You are viewing a plain text version of this content. The canonical link for it is here.
Posted to commits@cassandra.apache.org by yc...@apache.org on 2022/11/16 00:07:03 UTC
[cassandra] branch trunk updated: Adding endpoint verification option to client_encryption_options
This is an automated email from the ASF dual-hosted git repository.
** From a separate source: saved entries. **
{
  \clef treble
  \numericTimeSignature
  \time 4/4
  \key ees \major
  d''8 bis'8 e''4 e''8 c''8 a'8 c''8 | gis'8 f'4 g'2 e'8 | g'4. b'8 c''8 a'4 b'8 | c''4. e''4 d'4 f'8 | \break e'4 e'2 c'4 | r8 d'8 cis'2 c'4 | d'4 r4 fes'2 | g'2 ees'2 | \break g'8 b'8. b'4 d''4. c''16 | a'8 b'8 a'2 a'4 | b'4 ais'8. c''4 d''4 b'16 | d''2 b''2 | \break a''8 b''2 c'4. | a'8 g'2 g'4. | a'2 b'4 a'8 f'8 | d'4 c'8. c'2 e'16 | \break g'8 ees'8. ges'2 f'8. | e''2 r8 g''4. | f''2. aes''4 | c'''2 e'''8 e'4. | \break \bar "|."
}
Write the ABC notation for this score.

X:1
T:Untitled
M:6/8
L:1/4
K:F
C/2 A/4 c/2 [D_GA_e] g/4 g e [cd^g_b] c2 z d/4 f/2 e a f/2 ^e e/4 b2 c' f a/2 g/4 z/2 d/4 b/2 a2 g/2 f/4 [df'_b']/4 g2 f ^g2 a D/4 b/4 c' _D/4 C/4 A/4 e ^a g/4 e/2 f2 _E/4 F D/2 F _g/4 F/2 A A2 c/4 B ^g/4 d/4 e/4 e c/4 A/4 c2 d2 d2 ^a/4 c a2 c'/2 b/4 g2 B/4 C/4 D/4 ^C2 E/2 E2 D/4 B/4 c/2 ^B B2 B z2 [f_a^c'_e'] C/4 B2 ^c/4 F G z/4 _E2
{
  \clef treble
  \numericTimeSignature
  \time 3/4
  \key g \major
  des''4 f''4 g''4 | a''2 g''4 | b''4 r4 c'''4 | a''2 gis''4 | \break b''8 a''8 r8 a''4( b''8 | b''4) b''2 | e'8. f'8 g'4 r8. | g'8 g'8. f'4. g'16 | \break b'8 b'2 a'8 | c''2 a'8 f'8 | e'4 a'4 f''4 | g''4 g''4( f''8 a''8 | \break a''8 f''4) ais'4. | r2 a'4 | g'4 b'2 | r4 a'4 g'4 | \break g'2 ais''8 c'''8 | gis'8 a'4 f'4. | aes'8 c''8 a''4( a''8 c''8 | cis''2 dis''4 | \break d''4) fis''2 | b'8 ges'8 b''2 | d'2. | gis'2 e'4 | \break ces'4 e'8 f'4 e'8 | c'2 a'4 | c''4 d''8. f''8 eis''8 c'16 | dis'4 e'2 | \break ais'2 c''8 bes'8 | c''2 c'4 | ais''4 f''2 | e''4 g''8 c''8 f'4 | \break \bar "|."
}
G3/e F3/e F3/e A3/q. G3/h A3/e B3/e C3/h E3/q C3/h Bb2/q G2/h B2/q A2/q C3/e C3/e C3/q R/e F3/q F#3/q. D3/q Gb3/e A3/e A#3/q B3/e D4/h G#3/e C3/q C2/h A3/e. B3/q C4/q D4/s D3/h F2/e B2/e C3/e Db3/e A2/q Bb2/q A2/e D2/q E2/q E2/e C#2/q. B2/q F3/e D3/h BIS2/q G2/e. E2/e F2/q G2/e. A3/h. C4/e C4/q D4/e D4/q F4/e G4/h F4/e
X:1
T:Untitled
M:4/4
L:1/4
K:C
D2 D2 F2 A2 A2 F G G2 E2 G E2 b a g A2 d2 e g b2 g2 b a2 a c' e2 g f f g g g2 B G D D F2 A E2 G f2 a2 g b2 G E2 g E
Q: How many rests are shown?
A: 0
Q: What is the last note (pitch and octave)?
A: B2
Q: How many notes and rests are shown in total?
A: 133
ycai pushed a commit to branch trunk
in repository https://gitbox.apache.org/repos/asf/cassandra.git
The following commit(s) were added to refs/heads/trunk by this push:
new 36e16ee3c9 Adding endpoint verification option to client_encryption_options
36e16ee3c9 is described below
commit 36e16ee3c911c710129fcf3a69595038c3dbd385
Author: Jyothsna Konisa <jk...@apple.com>
AuthorDate: Mon Nov 14 14:16:07 2022 -0800
Adding endpoint verification option to client_encryption_options
patch by Jyothsna Konisa; reviewed by Jon Meredith, Yifan Cai for CASSANDRA-18034
---
CHANGES.txt | 1 +
conf/cassandra.yaml | 1 +
.../org/apache/cassandra/net/SocketFactory.java | 2 +-
.../cassandra/transport/PipelineConfigurator.java | 8 +-
.../apache/cassandra/transport/SimpleClient.java | 4 +-
test/conf/cassandra_ssl_test.truststore | Bin 3240 -> 5295 bytes
.../cassandra_ssl_test_endpoint_verify.keystore | Bin 0 -> 2087 bytes
.../test/NativeTransportEncryptionOptionsTest.java | 101 +++++++++++++++++++++
8 files changed, 113 insertions(+), 4 deletions(-)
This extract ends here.